I'm using https://github.com/mrabarnett/mrab-regex (via pip install regex
, but experiencing a failure here:
pattern_string = r'''
(?&N)
^ \W*? ENTRY \W* (?P<entries> (?&Range) ) (?&N)
(?(DEFINE)
(?P<Decimal>
[ ]*? \d+ (?:[.,] \d+)? [ ]*?
)
(?P<Range>
(?&Decimal) - (?&Decimal) | (?&Decimal)
#(?&d) (?: - (?&d))?
)
(?P<N>
[\s\S]*?
)
)
'''
flags = regex.MULTILINE | regex.VERBOSE #| regex.DOTALL | regex.V1 #| regex.IGNORECASE | regex.UNICODE
pattern = regex.compile(pattern_string, flags=flags)
bk2 = f'''
ENTRY: 0.0975 - 0.101
'''.strip()
match = pattern.match('ENTRY: 0.0975 - 0.101')
match.groupdict()
gives:
{'entries': '0.0975', 'Decimal': None, 'Range': None, 'N': None}
It misses the second value.
> pip show regex
Name: regex
Version: 2022.1.18
Summary: Alternative regular expression module, to replace re.
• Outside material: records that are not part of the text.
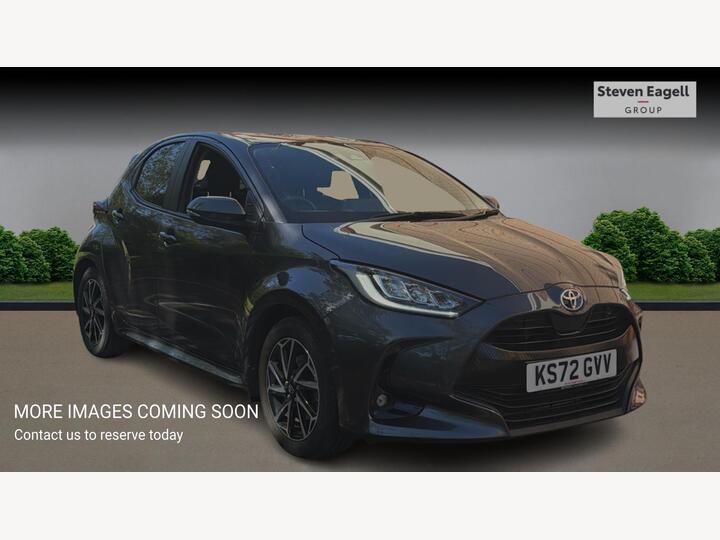 Toyota Yaris 1.5 VVT-h Design E-CVT Euro 6 (s/s) 5dr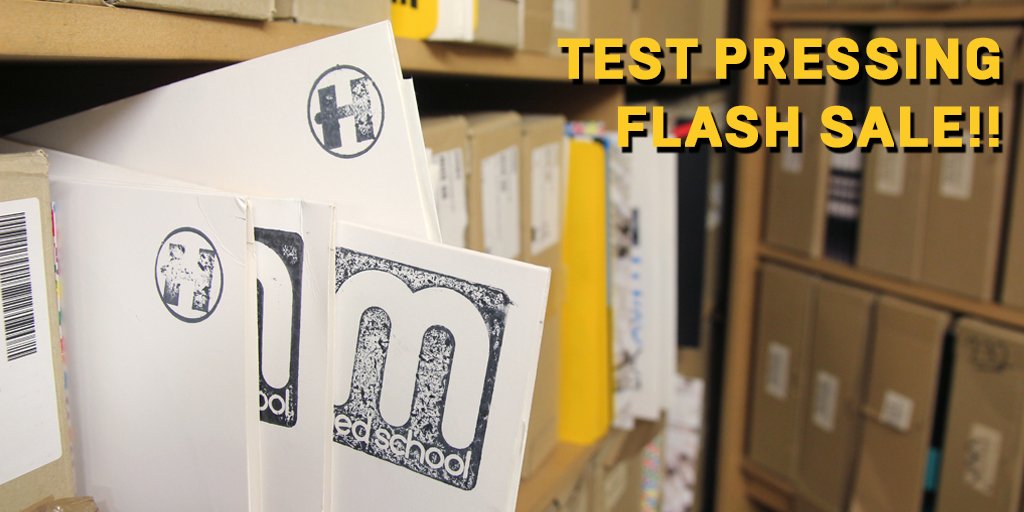 HOSPITAL RECORDS® Shop tweet media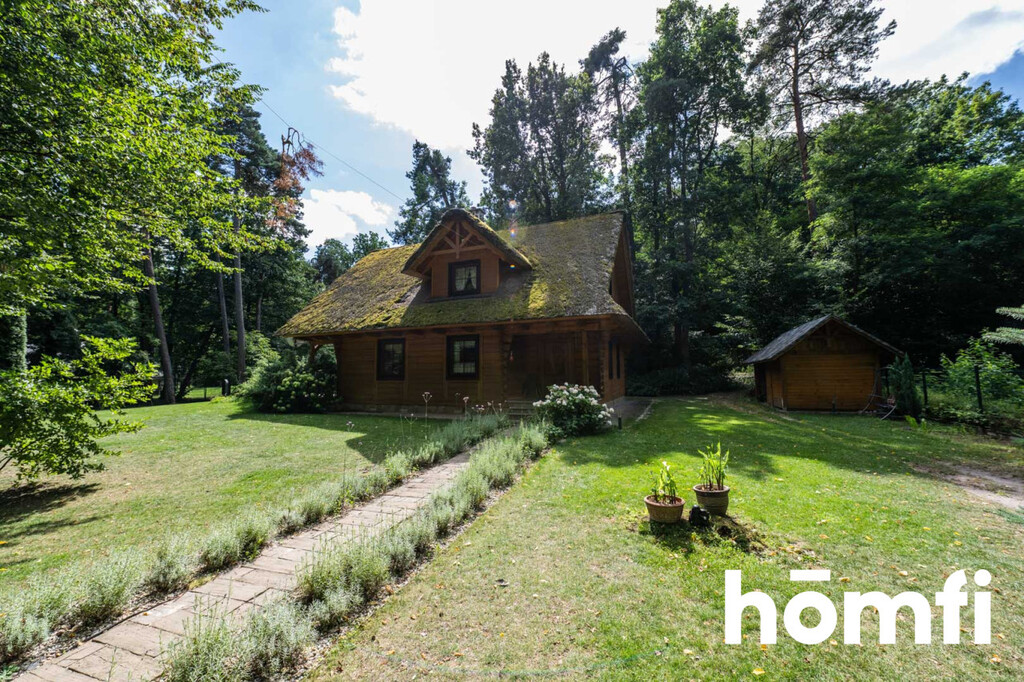 Dom 268&nbsp;m², Garbatka-Letnisko, Partyzantów - zdjęcie 14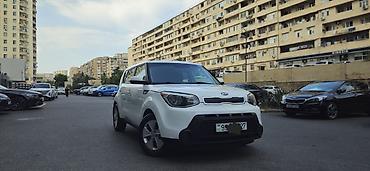 kia bongo: Kia Soul: 1.6 l | 2014 il Krossover — 2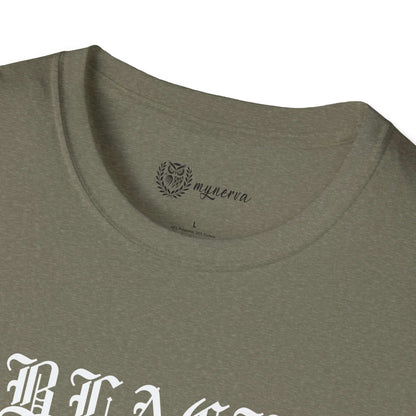 Sabbath Unisex metal T-Shirt - Tommy and Ozzy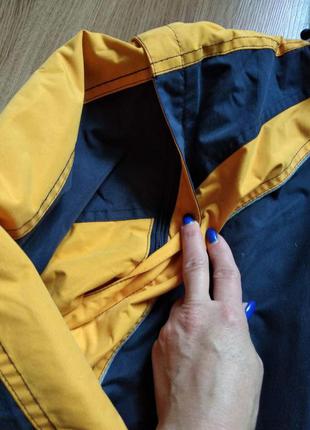Крутая двусторонняя куртка - безрукавка.  размер   44 /46 размер4 фото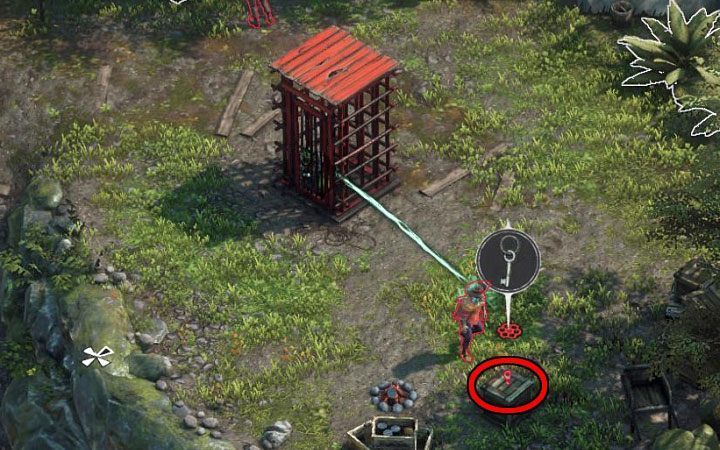 You start the mission with Isabelle as your only playable character - Desperados 3: Save Isabelle and help Cooper - mission 9, walkthrough - Mission 9 - Louisiana Voodoo - Desperados 3 Guide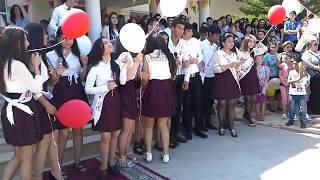 2 sayli mektebin son zengi 2014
Home-page: https://github.com/mrabarnett/mrab-regex
Author: Matthew Barnett
Author-email: [email protected]
License: Apache Software License
Location: ...
Requires:
Required-by:
> python --version
Python 3.10.0
The problem is that the spaces you defined in the Decimal
group pattern are consumed, and the DEFINE
patterns are atomic, so although the last [ ]*?
part is lazy and can match zero times, once it matches, there is no going back. You can check this if you put the Decimal
pattern into an atomic group and compare two patterns, cf. this regex demo and this regex demo. (?mx)^\W*?ENTRY\W*(?P<entries>(?>[ ]*? \d+ (?:[.,] \d+)? [ ]*?) - (?>[ ]*? \d+ (?:[.,] \d+)? [ ]*?) | (?>[ ]*? \d+ (?:[.,] \d+)? [ ]*?))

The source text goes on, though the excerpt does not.